There are many ways children can learn about the helpers in their community:
* role play - using dress ups, dolls, puppets and props to learn about what community helpers do.
* borrow library books from your local library, focus on one community service area a week and learn all you can about them.
* use photos from the net or take them yourself so that children can learn the different uniforms, workplaces and roles of people in their community.
* learning symbols and signs - ambulances, local Police, fire stations, postal services - they all have their own emblems and logos that children can learn.
The main tool we have been using to teach our girls about the role of community helpers has been to visit these work places and meet the people who do these jobs.
We taught the girls about Fire and Rescue services last year and they decided they wanted to make pictures to say thank you to the fire fighters. 

We took their thank you messages and a box of cupcakes down to our local fire station and not only did they get to tell the firemen on duty "thank you" in person, they were welcomed inside the station, got to sit inside a fire truck and even got to man a fire hose. 
They chatted to the fire men and got to see their uniforms, their workplace, their safety equipment, their truck and were given show bags full of information on how to stay safe.
It was a wonderful experience for our girls and also, I realised, for the firemen. We have decided to make it a yearly trip to visit some of our local service centers to say thank you and show our appreciation. 

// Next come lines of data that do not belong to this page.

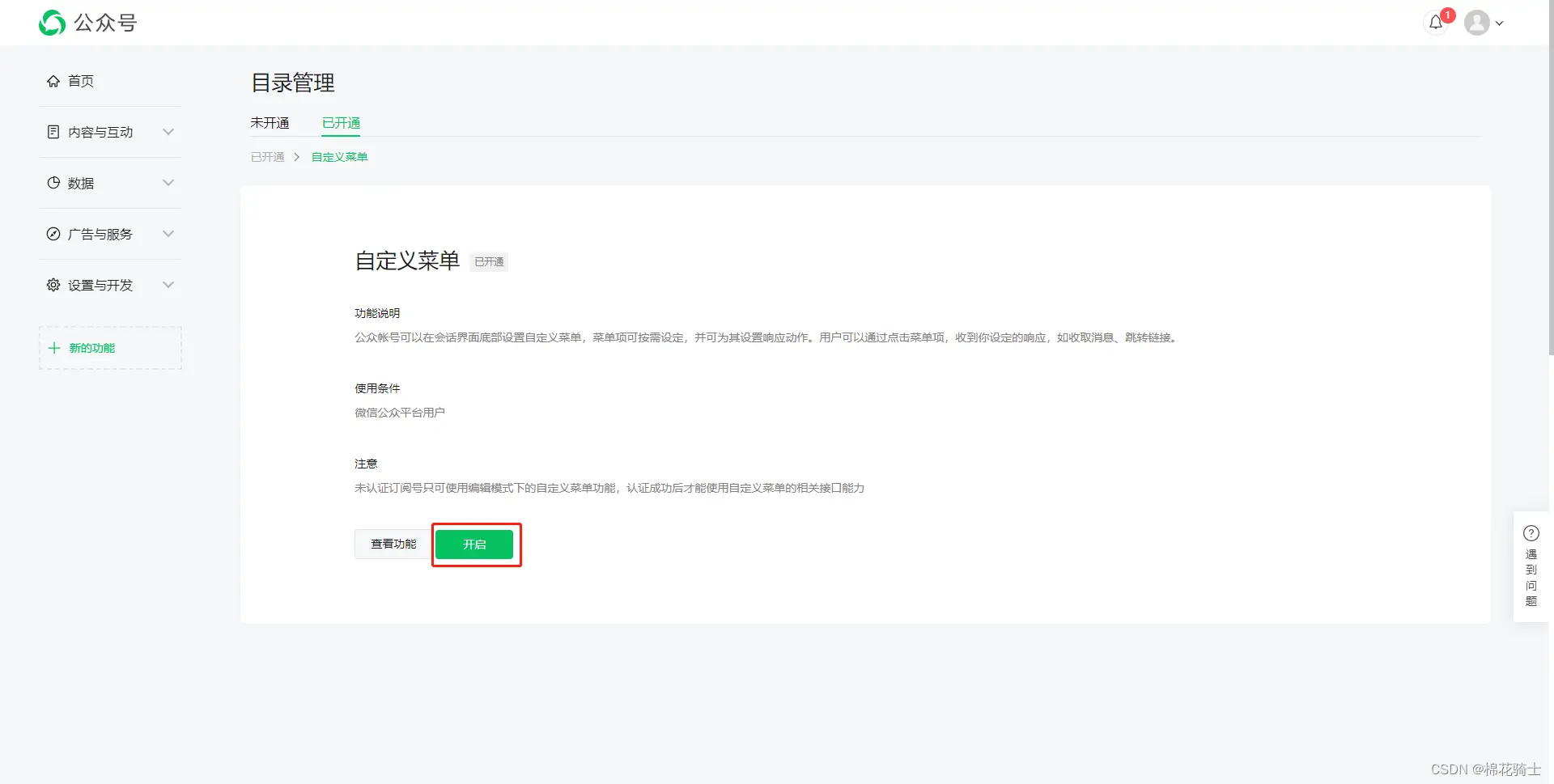 微信公众号自定义菜单如何与服务器配置同时启用 - 生活百科 - 五家渠生活社区 - 五家渠28生活网 wjq.28life.com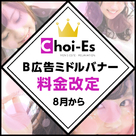 【Choi-Es（チョイエス）】8月より「B広告ミドルバナー」料金改定のお知らせです！（15,000円⇒20,000円！！）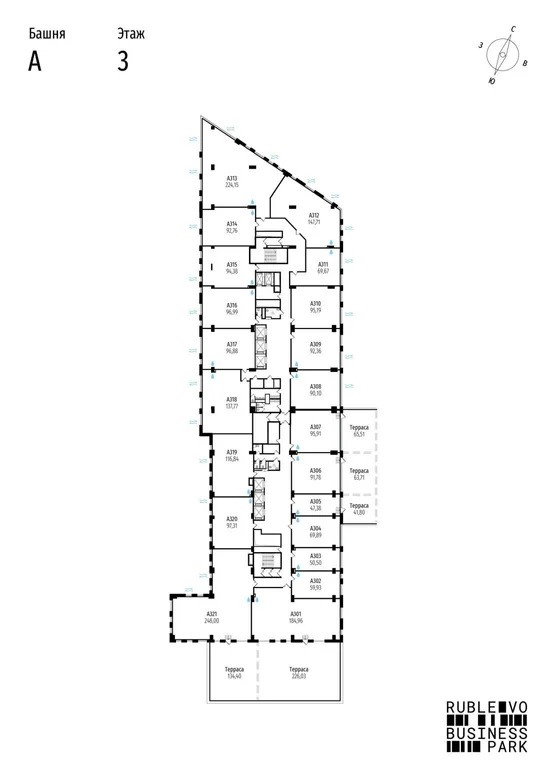 Продажа офиса 184.96 м2 - Фото 4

Ideas for visiting a local community service provider:
* call ahead. Some work places are suitable for children and some aren't. Some places are open at all times, and some are open temporarily. And of course the last thing you want to do is be in the way, so phoning ahead is always a good idea.
* send thank you messages and pictures through the mail or by email.
* get the whole class/family/school involved in thanking and learning about different community helpers.
*get the kids to think about what they would like to know or find out during their visit.
* make a donation or ask how you can help/be involved.